> _Exercise data_

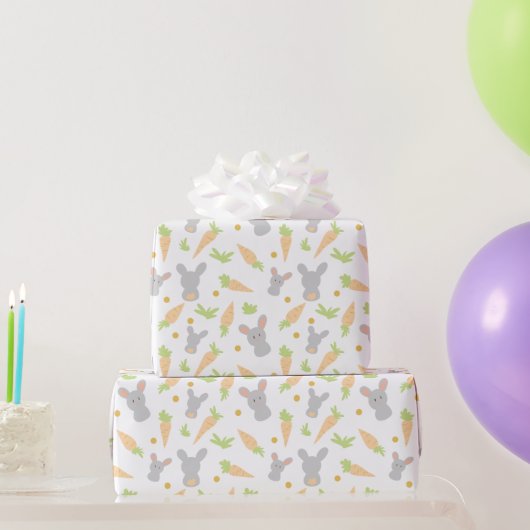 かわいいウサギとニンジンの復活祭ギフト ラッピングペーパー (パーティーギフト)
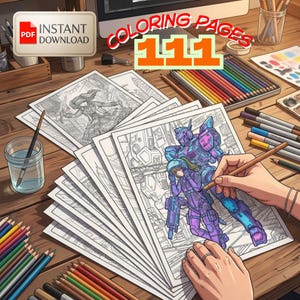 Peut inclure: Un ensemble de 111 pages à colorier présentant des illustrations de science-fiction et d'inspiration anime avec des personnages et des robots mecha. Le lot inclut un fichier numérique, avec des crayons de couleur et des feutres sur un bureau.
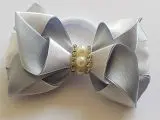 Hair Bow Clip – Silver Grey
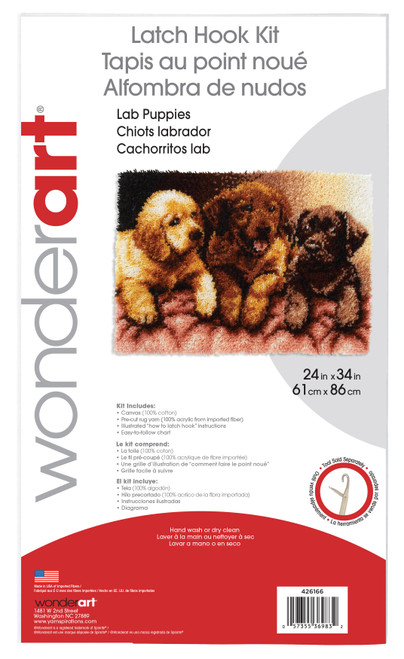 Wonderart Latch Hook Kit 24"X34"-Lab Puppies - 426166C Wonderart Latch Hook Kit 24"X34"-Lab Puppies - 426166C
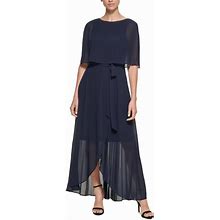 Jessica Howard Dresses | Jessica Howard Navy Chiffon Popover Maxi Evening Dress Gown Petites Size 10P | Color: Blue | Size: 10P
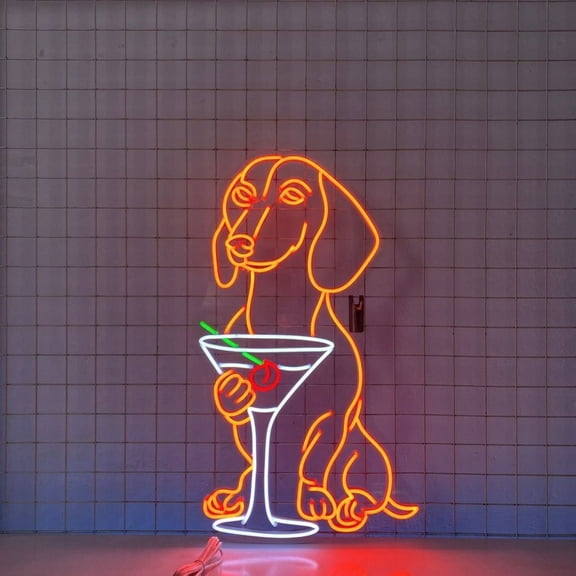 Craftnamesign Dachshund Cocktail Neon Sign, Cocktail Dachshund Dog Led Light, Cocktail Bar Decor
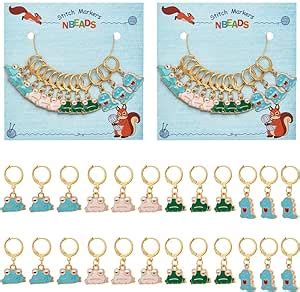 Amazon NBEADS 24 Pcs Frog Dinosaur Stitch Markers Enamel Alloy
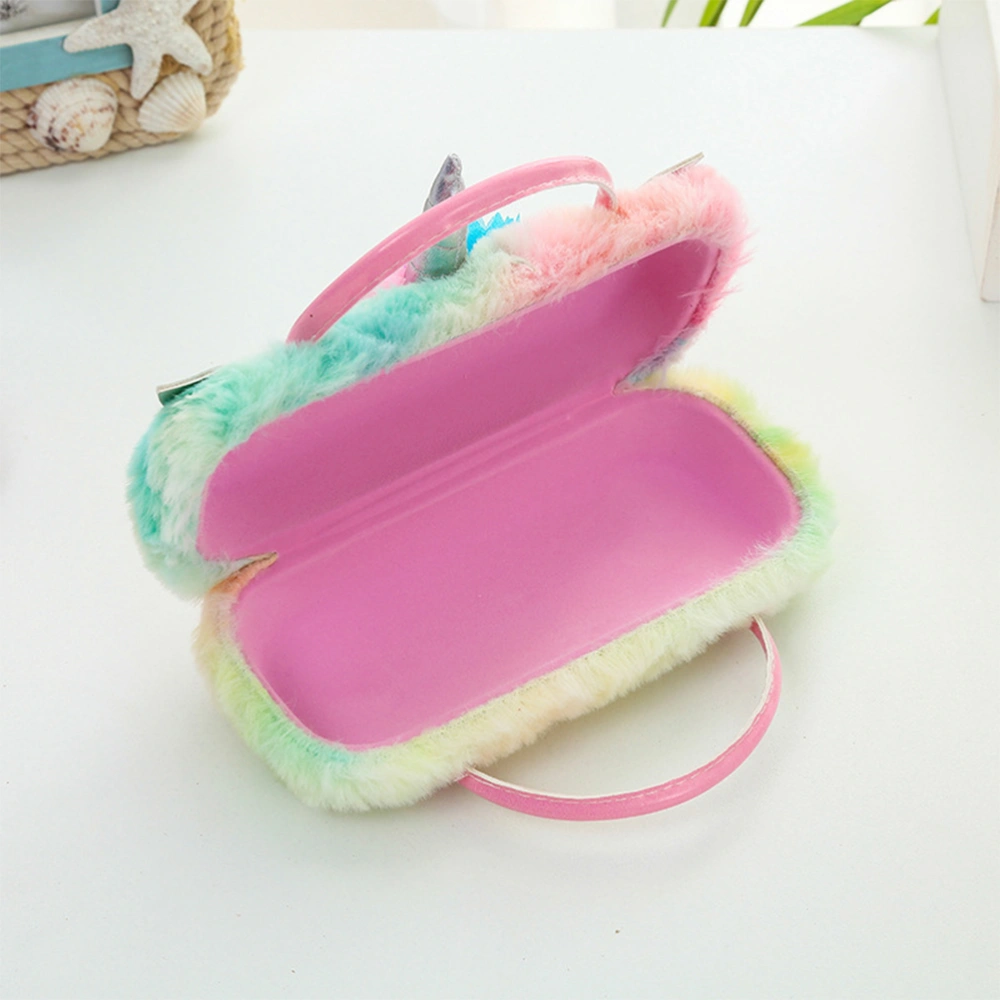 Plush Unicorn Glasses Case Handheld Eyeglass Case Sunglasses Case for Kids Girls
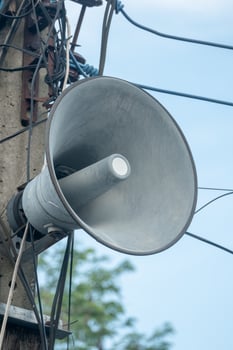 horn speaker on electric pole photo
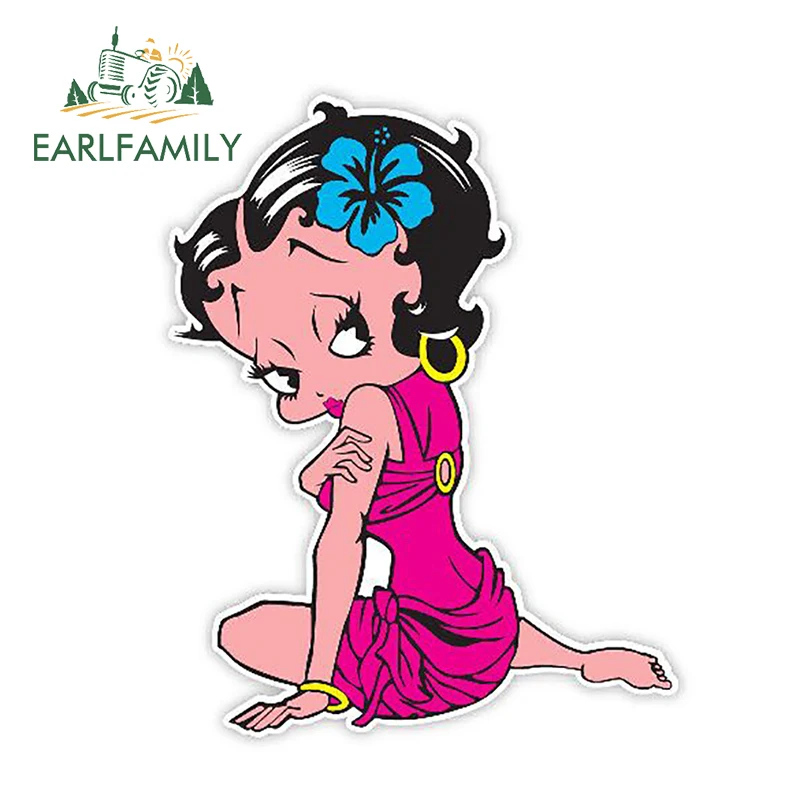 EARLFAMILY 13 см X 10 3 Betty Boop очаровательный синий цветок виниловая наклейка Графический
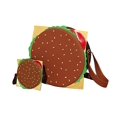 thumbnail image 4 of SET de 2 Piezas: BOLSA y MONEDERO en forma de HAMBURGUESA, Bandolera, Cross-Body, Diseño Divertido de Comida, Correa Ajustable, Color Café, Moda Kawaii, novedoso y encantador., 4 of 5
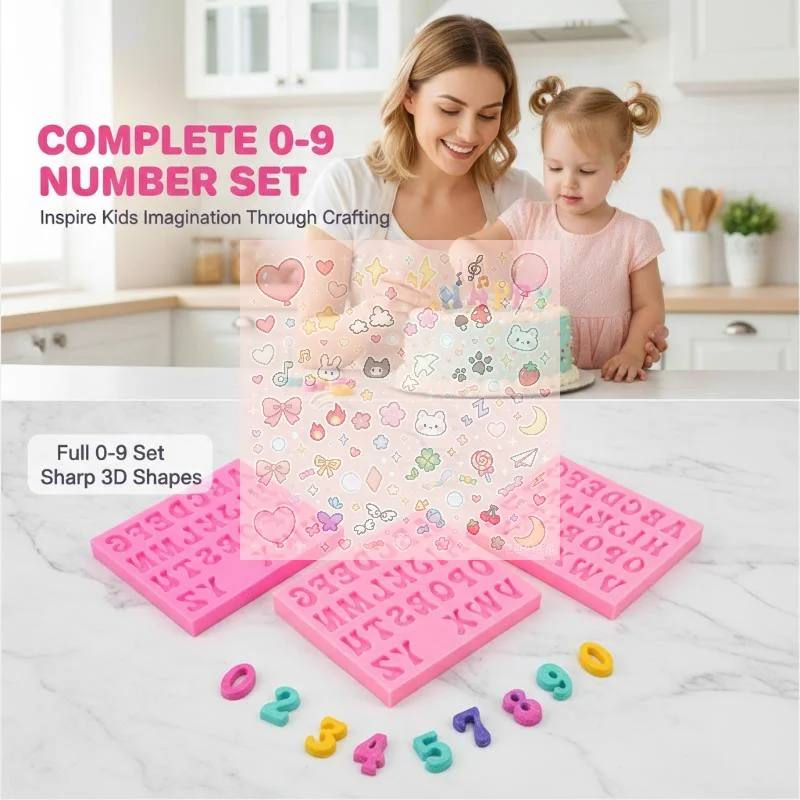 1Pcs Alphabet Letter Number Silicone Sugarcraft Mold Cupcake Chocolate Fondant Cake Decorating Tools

> _Directions_
Except for the pictures, give all the material above again verbatim.

> _Your solution_
 かわいいウサギとニンジンの復活祭ギフト ラッピングペーパー (パーティーギフト)
 Peut inclure: Un ensemble de 111 pages à colorier présentant des illustrations de science-fiction et d'inspiration anime avec des personnages et des robots mecha. Le lot inclut un fichier numérique, avec des crayons de couleur et des feutres sur un bureau.
 Hair Bow Clip – Silver Grey
 Wonderart Latch Hook Kit 24"X34"-Lab Puppies - 426166C Wonderart Latch Hook Kit 24"X34"-Lab Puppies - 426166C
 Jessica Howard Dresses | Jessica Howard Navy Chiffon Popover Maxi Evening Dress Gown Petites Size 10P | Color: Blue | Size: 10P
 Craftnamesign Dachshund Cocktail Neon Sign, Cocktail Dachshund Dog Led Light, Cocktail Bar Decor
 Amazon NBEADS 24 Pcs Frog Dinosaur Stitch Markers Enamel Alloy
 Plush Unicorn Glasses Case Handheld Eyeglass Case Sunglasses Case for Kids Girls
 horn speaker on electric pole photo
 EARLFAMILY 13 см X 10 3 Betty Boop очаровательный синий цветок виниловая наклейка Графический
 thumbnail image 4 of SET de 2 Piezas: BOLSA y MONEDERO en forma de HAMBURGUESA, Bandolera, Cross-Body, Diseño Divertido de Comida, Correa Ajustable, Color Café, Moda Kawaii, novedoso y encantador., 4 of 5
 1Pcs Alphabet Letter Number Silicone Sugarcraft Mold Cupcake Chocolate Fondant Cake Decorating Tools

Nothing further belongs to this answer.